Whilst the Bush administration showed some understanding of Afghanistan’s demographics and ethnic minorities, they still relied on the Northern Alliance to conduct their military surges against the Taliban in the initial stages. Reviving the warlord system and inadvertently placing them into power only weakened the Afghan state and brought corruption contributing to the population’s dismay.
Kilcullen (2006) states that today’s insurgents no longer operate from one geographical point anymore; they can remotely recruit, and receive funding form a virtual sanctuary. Until December 2009, the US and NATO counter-insurgency only focused on Afghanistan. Therefore, modern counter-insurgency requires attention to neighbouring countries.
The Taliban successfully adapted to new information operations for global outreach. They provided economic incentives to unite different tribes and ethnicities in Afghanistan. With the Afghan state in anarchy, the Taliban was to win the war on local perceptions and gain further support.

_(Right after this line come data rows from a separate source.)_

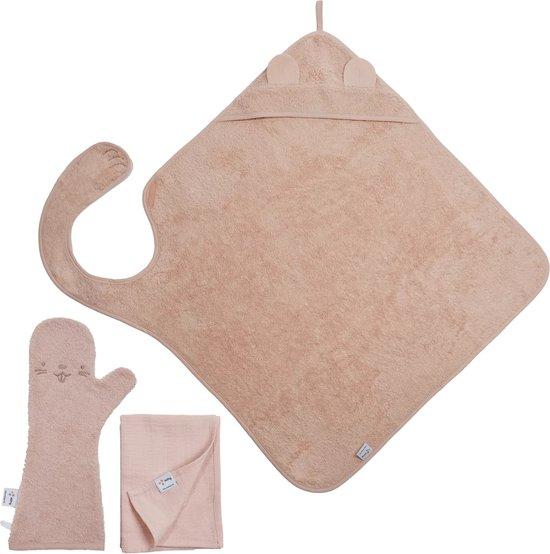 Productafbeelding: The Original Baby Shower Glove met Handsfree Badcape en Hydrofiele doek - Nifty - Baby Washandje - Lange washand - Badcape 100x100 - Washandje Baby - Biologisch Katoen – Blush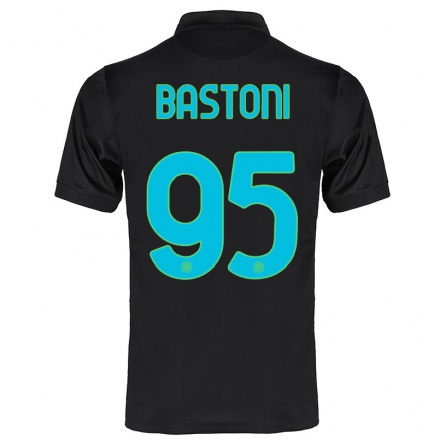 Miesten Jalkapallo Alessandro Bastoni #95 Musta 3. Paita 2021/22 Lyhythihainen Paita T-paita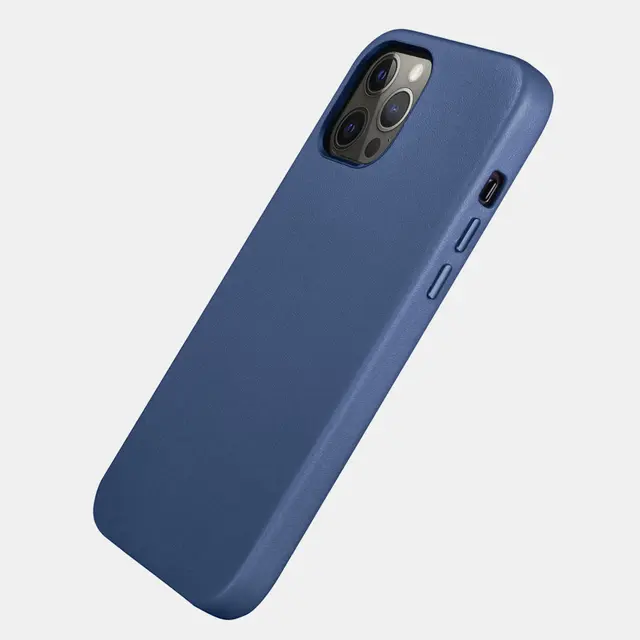 iCarer iPhone 12 Pro Max Custodia in vera pelle con MagSafe Blu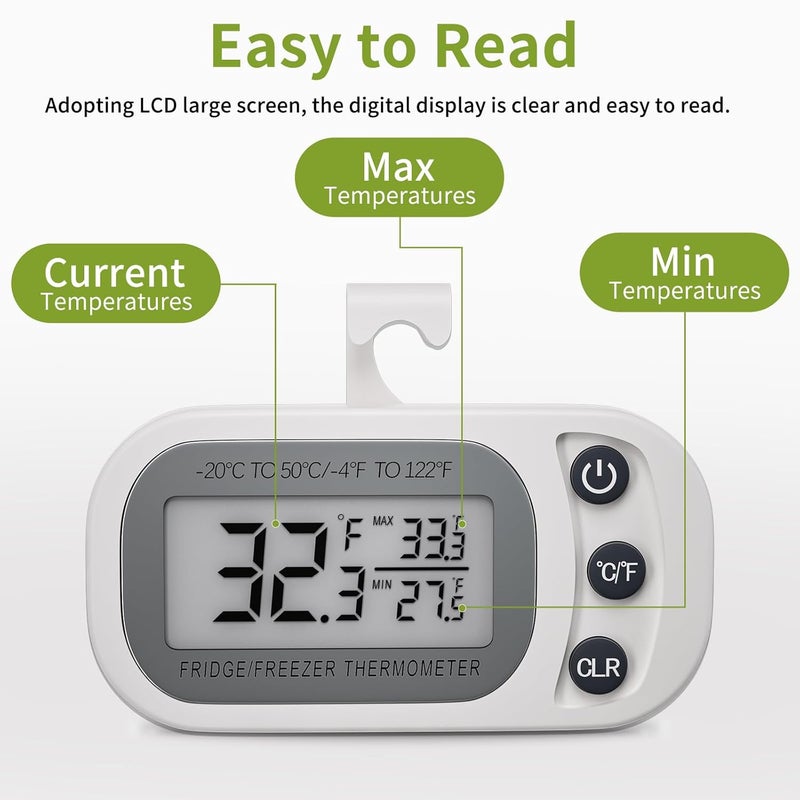 FHZON Digital Frigerator Thermometer 2 Pack, Waterproof Fridge and Freezer Thermometer, Thermometer Refrigerator with Large LCD Screen, Stand and Magnetic Back, for Room,Kitchen(White) - Image 3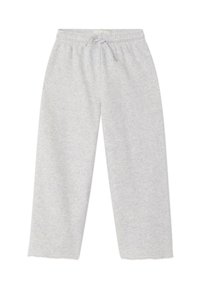 Pantalon de survêtement gris clair à coupe décontractée, en tissu de coton doux, avec taille élastique et cordon de serrage pour un ajustement personnalisé.
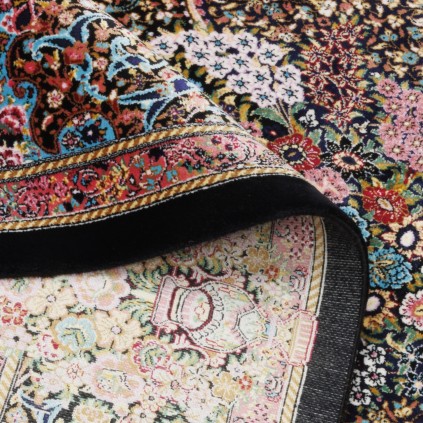 سجادة صناعية بنقشة كامل مزخرف بالورود، حرير بامبو، على الطراز الفارسي، رقم 800274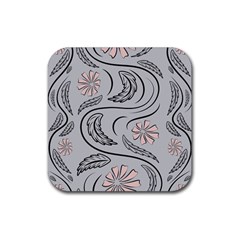 Folk Flowers Print Floral Pattern Ethnic Art Rubber Coaster (square) by Eskimos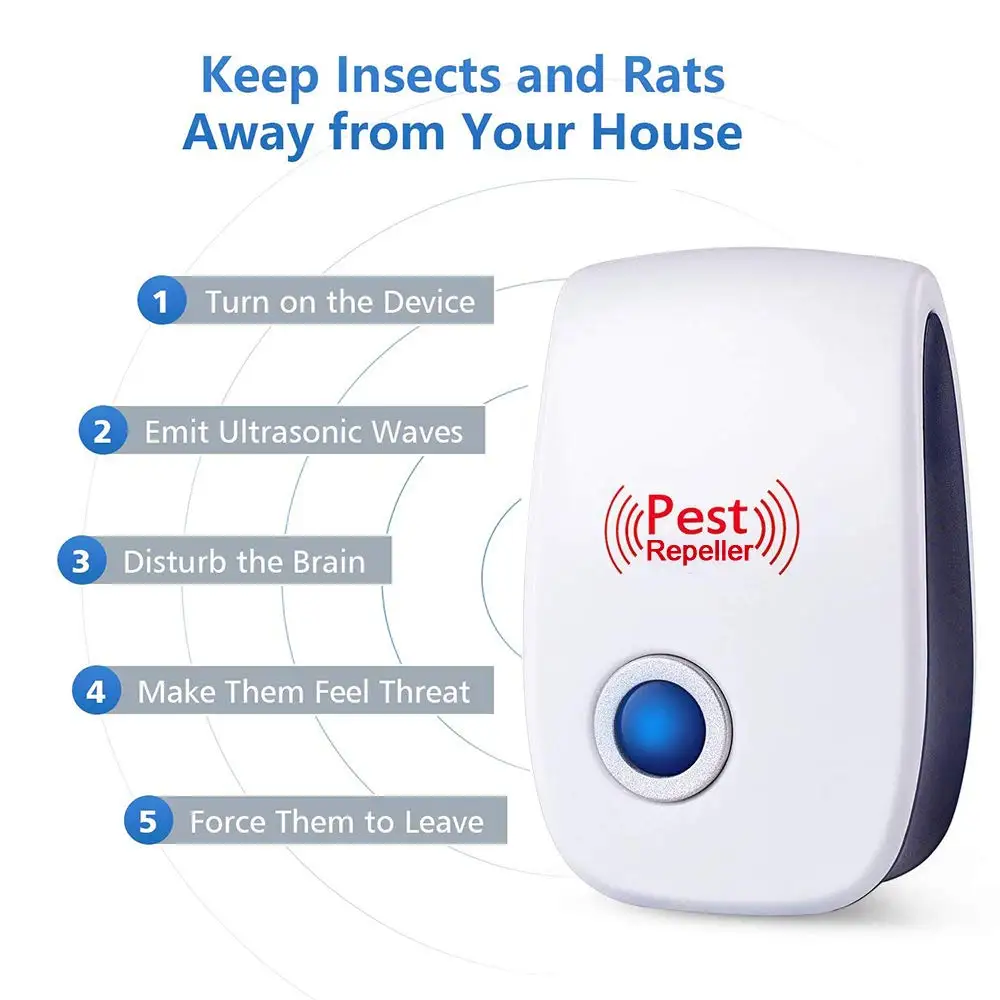 Ultrasonic Pest Repeller ปลั๊กอิเล็กทรอนิกส์ Sonic Repellent pest Control สําหรับแมลงแมลงสาบ Ant Mice Bugs Mouse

Resorting to peace talks with moderate or reconcilable Taliban members does not mean that the US and NATO have won the fight. Rather, the former’s office establishment in Doha (Graham-Harrison and Roberts, 2017) only legitimised their existence.
In short, modern-day insurgents are able to gather support and recruit globally using multiple resources (Kilcullen, 2006). A counter-insurgency strategy carried by both the Bush and Obama administrations revived ties with warlords and brought political fragmentation and corruption and ultimately weakened the Afghan state. President Karzai maintained the warlord system by placing warlords into power impeding any political, economic or social change to the country. Growing military surges by the US and NATO through deploying troops or drone strikes were not received well by the public.
As a result, the Taliban “hijacked the public’s dissatisfaction” (Peceny and Bosin, 2011); and growing resentment towards the new Kabul government only contributed to the insurgency that came back to threaten it and undermine the counter insurgency efforts by the US and NATO who ultimately failed in the war against Taliban. “Knowing how to kill people is far from sufficient to defeat insurgencies” (Young, 2019).